* Task item *
An exact copy of each record is required.

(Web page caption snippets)
··········

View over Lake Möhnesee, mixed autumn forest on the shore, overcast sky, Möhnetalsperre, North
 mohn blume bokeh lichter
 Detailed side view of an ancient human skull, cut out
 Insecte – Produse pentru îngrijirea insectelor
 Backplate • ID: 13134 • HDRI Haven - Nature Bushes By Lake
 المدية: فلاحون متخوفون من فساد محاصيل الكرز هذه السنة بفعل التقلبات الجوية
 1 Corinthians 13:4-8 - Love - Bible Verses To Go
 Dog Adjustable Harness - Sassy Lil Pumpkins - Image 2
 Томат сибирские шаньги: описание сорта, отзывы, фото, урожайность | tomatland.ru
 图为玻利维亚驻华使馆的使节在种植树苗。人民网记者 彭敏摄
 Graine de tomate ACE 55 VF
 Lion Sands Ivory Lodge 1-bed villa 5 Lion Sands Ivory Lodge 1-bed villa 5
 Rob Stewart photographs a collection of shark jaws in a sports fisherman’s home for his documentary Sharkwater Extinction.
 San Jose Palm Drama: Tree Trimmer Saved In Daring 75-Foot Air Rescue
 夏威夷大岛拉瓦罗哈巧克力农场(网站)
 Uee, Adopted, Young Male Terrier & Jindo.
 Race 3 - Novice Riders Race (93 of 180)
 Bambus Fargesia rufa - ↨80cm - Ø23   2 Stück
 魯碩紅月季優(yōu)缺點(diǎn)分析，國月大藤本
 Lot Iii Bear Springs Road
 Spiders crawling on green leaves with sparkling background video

··········

* Your response *
View over Lake Möhnesee, mixed autumn forest on the shore, overcast sky, Möhnetalsperre, North
 mohn blume bokeh lichter
 Detailed side view of an ancient human skull, cut out
 Insecte – Produse pentru îngrijirea insectelor
 Backplate • ID: 13134 • HDRI Haven - Nature Bushes By Lake
 المدية: فلاحون متخوفون من فساد محاصيل الكرز هذه السنة بفعل التقلبات الجوية
 1 Corinthians 13:4-8 - Love - Bible Verses To Go
 Dog Adjustable Harness - Sassy Lil Pumpkins - Image 2
 Томат сибирские шаньги: описание сорта, отзывы, фото, урожайность | tomatland.ru
 图为玻利维亚驻华使馆的使节在种植树苗。人民网记者 彭敏摄
 Graine de tomate ACE 55 VF
 Lion Sands Ivory Lodge 1-bed villa 5 Lion Sands Ivory Lodge 1-bed villa 5
 Rob Stewart photographs a collection of shark jaws in a sports fisherman’s home for his documentary Sharkwater Extinction.
 San Jose Palm Drama: Tree Trimmer Saved In Daring 75-Foot Air Rescue
 夏威夷大岛拉瓦罗哈巧克力农场(网站)
 Uee, Adopted, Young Male Terrier & Jindo.
 Race 3 - Novice Riders Race (93 of 180)
 Bambus Fargesia rufa - ↨80cm - Ø23   2 Stück
 魯碩紅月季優(yōu)缺點(diǎn)分析，國月大藤本
 Lot Iii Bear Springs Road
 Spiders crawling on green leaves with sparkling background video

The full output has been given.